Stunning watch mate.


----------



## ah24

Snorbitz1uk said:


> Stunning watch mate.


Thanks mate! V happy with it!


----------



## Super -ingh

ah24 said:


> Bodyweight creeping up nicely now.. Had a cold last few days which has been annoying as can't sleep properly.
> 
> Got most of my sessions in, though dropped yesterdays session as was feeling v run down (working 15 days in a row commuting into London, out the house 16 hours)..
> 
> During prep I just suck it up and grind them out, but in the off-season I prefer playing things by ear. If I don't feel 100% then I back off.. Currently training 6-7 days a week, so missing the odd session every 4 weeks ago is never too detrimental.
> 
> Food wise, since being ill the other week I was struggling to get my chicken meals down. So, I took the plunge and tried tilapia... F**k me it's easy to eat! I have it with rice and roasted veg - lovely! I supplement with 10g EAA with the meal though as think it has a poor leucine content from what I can remember..
> 
> Diet wise currently is:
> 
> *6am:*
> 
> 3 Scoops Whey
> 
> 20g Mixed Nuts
> 
> *8am:*
> 
> 3 Scoops Whey
> 
> 75g Oats
> 
> 1tbsp PB
> 
> *10am:*
> 
> TRAIN + take INTRA-MD
> 
> *11.30am:*
> 
> 3 Scoops Whey
> 
> 1 Scoop Quad Carb
> 
> 25g Oats
> 
> *12pm:*
> 
> 220g Tilapia
> 
> 50g Rice
> 
> 1tbsp Almond Butter
> 
> *4pm:*
> 
> 200g Chicken
> 
> 50g Rice
> 
> 1tbsp Almond Butter
> 
> *8pm:*
> 
> 200g Steak
> 
> 200g Sweet Potato
> 
> 1tbsp Almond Butter
> 
> *10pm:*
> 
> 500g Total Greek Yoghurt (full fat)
> 
> 75g Oats or 50g Lucky Charms cereal


What are your macros for the day mate?


----------



## ah24

Super $ingh said:


> What are your macros for the day mate?


Hmm you know what? For once I actually don't have a clue! Typically in the past I've kept track of everything v closely. This time round I've been more relaxed and add a bit of something here, or deduct something there depending on how I'm looking.

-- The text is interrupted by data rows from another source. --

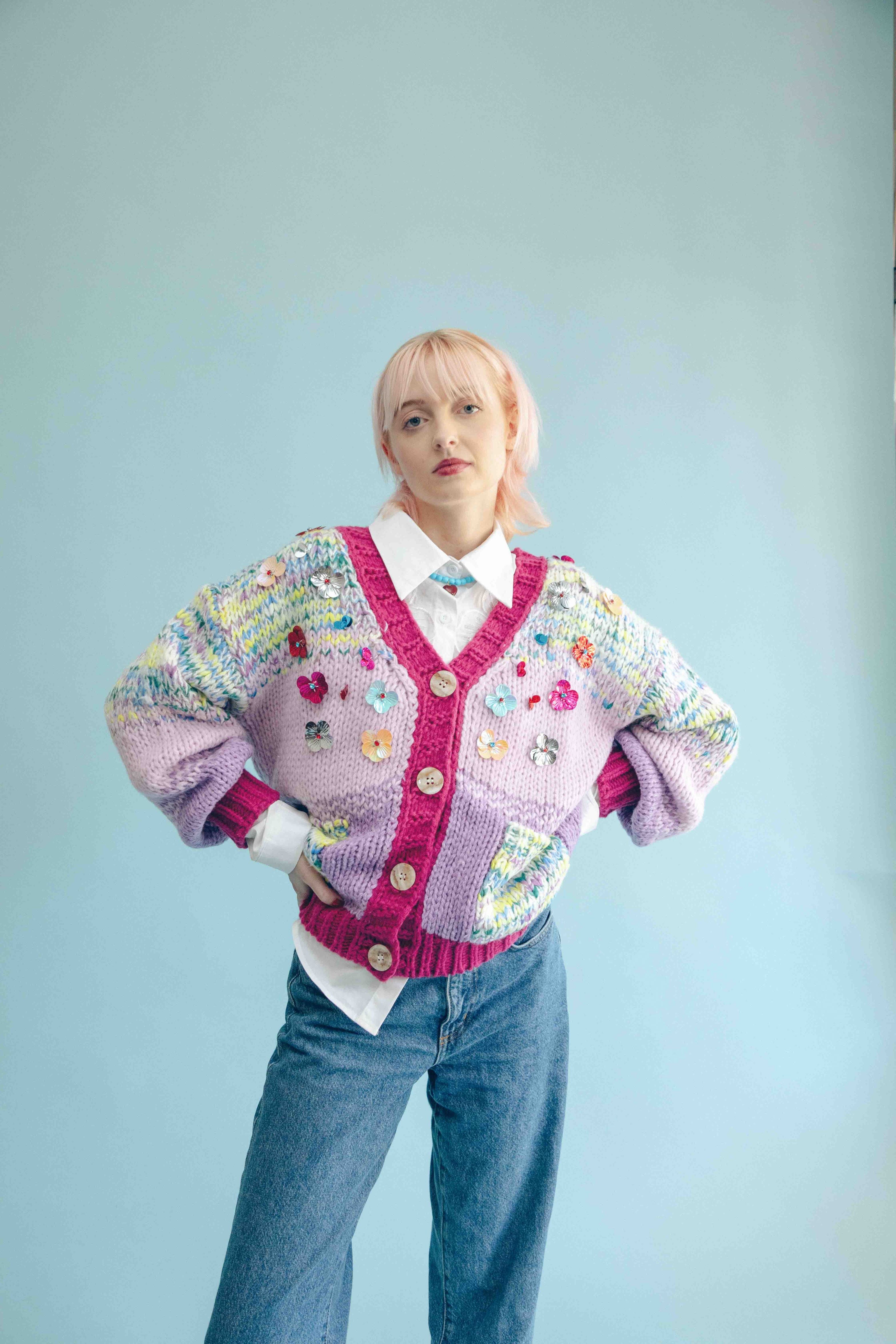 AURELIA CARDIGAN WITH 3D EMBELLISHMENT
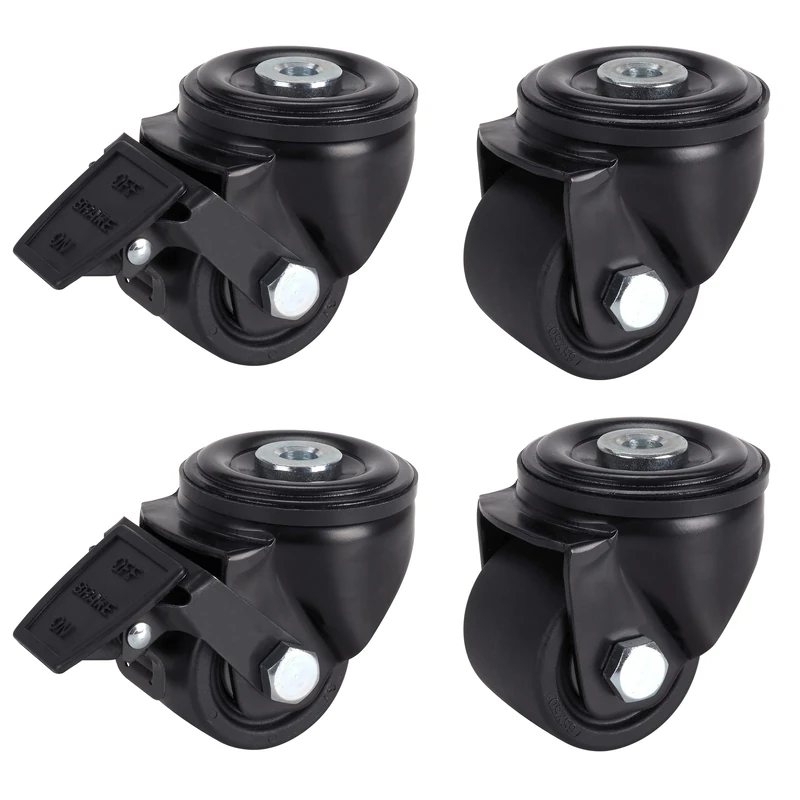 Dörner + Helmer Set of 4 Heavy Duty Plastic Castors 65 mm, Back Hole 13 mm, Roller Mix, Load Capacity 500 kg/Set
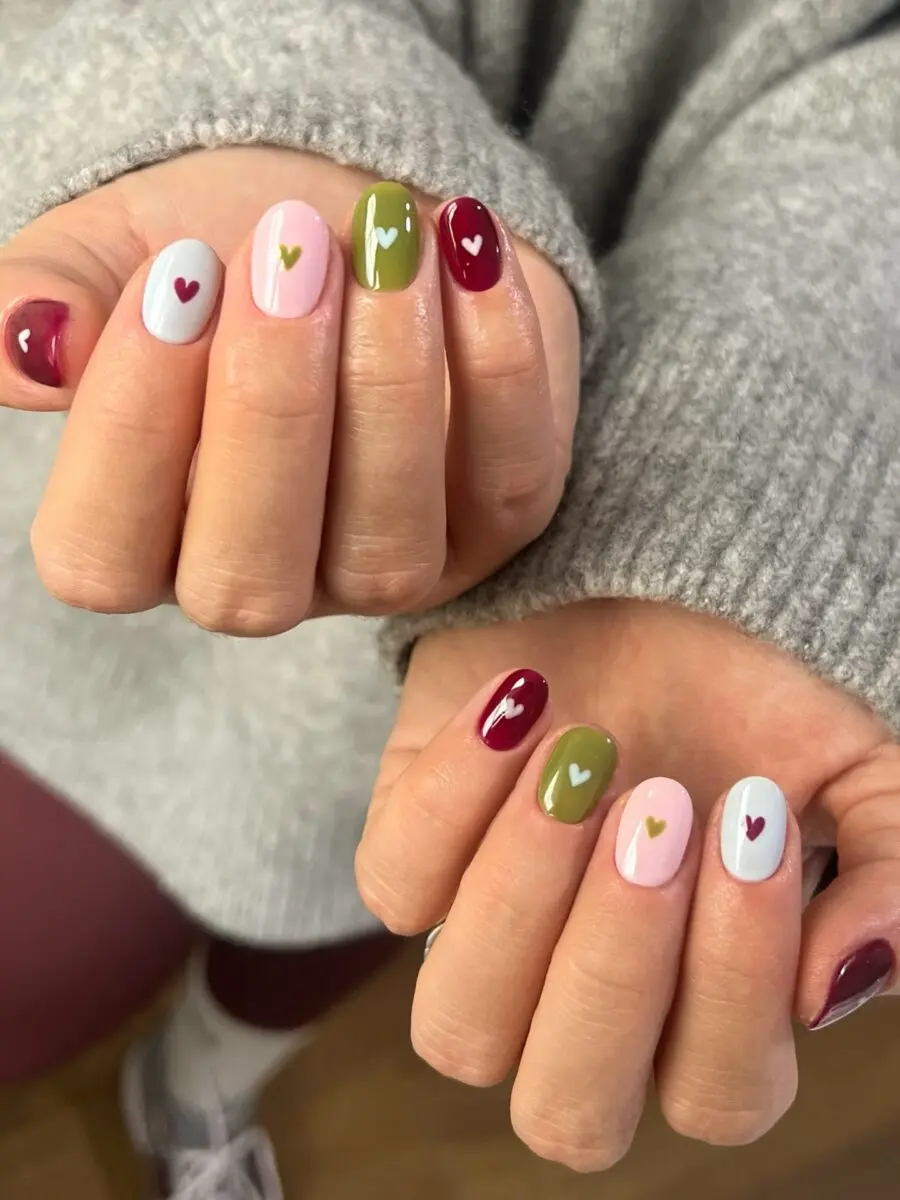 Charming fall nails with heart accents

Looking at it now I'd guestimate it to roughly be:

Pro - 350g

Carbs - 320g

Fats - 100-120g

So around 4000cals.. Once per week - size of it depending on bodyweight - I have a cheat meal, which would then obviously put weekly cals a little higher!


----------



## Super -ingh

ah24 said:


> Hmm you know what? For once I actually don't have a clue! Typically in the past I've kept track of everything v closely. This time round I've been more relaxed and add a bit of something here, or deduct something there depending on how I'm looking.
> 
> Looking at it now I'd guestimate it to roughly be:
> 
> Pro - 350g
> 
> Carbs - 320g
> 
> Fats - 100-120g
> 
> So around 4000cals.. Once per week - size of it depending on bodyweight - I have a cheat meal, which would then obviously put weekly cals a little higher!


cool, how did you get to your current plan? is this something you ave done before? do u feel hungry on this or just adjust portions on looks wise etc..?

i cut a lil while back but think i cut my carbs, fats way too low and did 2 much cardio (for how many cals i was consuming) so i didnt do it well. interested in upping my carbs but keeping the cardio in. but i can bulk on not a lot of calories, i tend to put fat on easily so interested in this. might try the IIFYM


----------



## ah24

UPDATE:

So, bodyweight actually ended up dropping .5lb by the end of the week.. So, had both pizza AND curry on Sat night alongside one of my physique competitor clients for his cheat meal. Was v good!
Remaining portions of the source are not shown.